Fire Induced Thermal and Structural Response of the World Trade Center Towers
Kuldeep R. Prasad, Anthony P. Hamins, Therese P. McAllister, John L. Gross
Over the past several years, there has been a resurgence of interest in studying the response of building structures to fires. Typically, the thermal loading for structural analysis of a building subject to fire is obtained from a standard time-temperature curve or by assuming a spatially uniform enclosure temperature. This decouples the structural analysis from the fire simulations and as a result the structural response to spatially and temporally evolving fires cannot be predicted. Simulations of the effects of severe fires on the structural integrity of buildings requires a close coupling between the gas phase energy release and transport phenomena and the stress analysis in the load bearing materials.

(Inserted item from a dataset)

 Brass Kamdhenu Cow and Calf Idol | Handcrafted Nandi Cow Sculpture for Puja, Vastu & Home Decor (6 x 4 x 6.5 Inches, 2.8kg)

A methodology has been developed for coupling CFD simulations of fire growth with finite element models for thermal and structural analysis. A simple radiative transport model that assumes the compartment is divided locally into a hot, soot laden upper layer and a cool, relatively clear lower layer is employed to predict radiative fluxes incident on sub-grid scale structural members. Thermal responses for realistic fire simulations of various steel structural components on floors of World Trade Center Tower 1 that were subjected to aircraft impact damage and fires are presented. One of the most striking observations that emerges from these results is the wide variation of time-temperature curves at different points in the structure and the lack of resemblance of these curves to the standard time-temperature curve used in furnace tests of structural elements. The thermal response was used to compute the reduction in load carrying capacity of the structural components as a function of time.